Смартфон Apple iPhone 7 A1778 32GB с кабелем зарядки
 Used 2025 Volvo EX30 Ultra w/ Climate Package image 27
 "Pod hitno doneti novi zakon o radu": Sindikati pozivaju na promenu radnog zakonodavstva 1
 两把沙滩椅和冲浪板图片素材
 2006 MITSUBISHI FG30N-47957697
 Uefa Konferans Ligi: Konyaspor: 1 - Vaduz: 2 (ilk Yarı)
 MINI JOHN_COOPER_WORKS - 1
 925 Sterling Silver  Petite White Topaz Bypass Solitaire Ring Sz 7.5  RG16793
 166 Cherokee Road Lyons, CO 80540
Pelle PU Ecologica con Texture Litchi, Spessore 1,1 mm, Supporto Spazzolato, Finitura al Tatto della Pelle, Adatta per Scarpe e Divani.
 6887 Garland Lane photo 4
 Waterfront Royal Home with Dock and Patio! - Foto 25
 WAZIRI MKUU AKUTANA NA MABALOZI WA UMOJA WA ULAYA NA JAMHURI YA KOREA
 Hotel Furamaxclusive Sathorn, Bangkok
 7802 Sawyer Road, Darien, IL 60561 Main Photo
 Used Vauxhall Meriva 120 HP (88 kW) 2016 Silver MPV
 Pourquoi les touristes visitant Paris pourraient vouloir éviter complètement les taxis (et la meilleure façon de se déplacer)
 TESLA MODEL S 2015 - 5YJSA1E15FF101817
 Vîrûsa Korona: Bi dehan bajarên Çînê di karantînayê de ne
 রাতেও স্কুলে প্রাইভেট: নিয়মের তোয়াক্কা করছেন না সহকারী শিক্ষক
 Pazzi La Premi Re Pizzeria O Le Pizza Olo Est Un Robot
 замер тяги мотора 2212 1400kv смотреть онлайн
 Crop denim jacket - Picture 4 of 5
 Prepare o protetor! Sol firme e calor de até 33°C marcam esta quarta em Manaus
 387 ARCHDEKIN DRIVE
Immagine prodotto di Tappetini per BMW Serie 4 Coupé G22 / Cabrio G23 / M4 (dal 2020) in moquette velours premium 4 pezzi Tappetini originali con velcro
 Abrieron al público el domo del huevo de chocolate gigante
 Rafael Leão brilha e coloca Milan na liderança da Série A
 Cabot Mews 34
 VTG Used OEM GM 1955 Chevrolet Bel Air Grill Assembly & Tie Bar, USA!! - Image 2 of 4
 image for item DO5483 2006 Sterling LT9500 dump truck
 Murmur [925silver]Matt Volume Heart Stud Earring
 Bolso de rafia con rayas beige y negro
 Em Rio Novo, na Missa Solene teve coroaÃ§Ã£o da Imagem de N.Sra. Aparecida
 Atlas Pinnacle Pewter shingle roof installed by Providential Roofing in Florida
*****
**Your assignment:** Copy exactly the lines that begin with the one containing "Cabot Mews 34" and continue to the end of the records, both included, and nothing more.

**Output of the exercise:**
 Cabot Mews 34
 VTG Used OEM GM 1955 Chevrolet Bel Air Grill Assembly & Tie Bar, USA!! - Image 2 of 4
 image for item DO5483 2006 Sterling LT9500 dump truck
 Murmur [925silver]Matt Volume Heart Stud Earring
 Bolso de rafia con rayas beige y negro
 Em Rio Novo, na Missa Solene teve coroaÃ§Ã£o da Imagem de N.Sra. Aparecida
 Atlas Pinnacle Pewter shingle roof installed by Providential Roofing in Florida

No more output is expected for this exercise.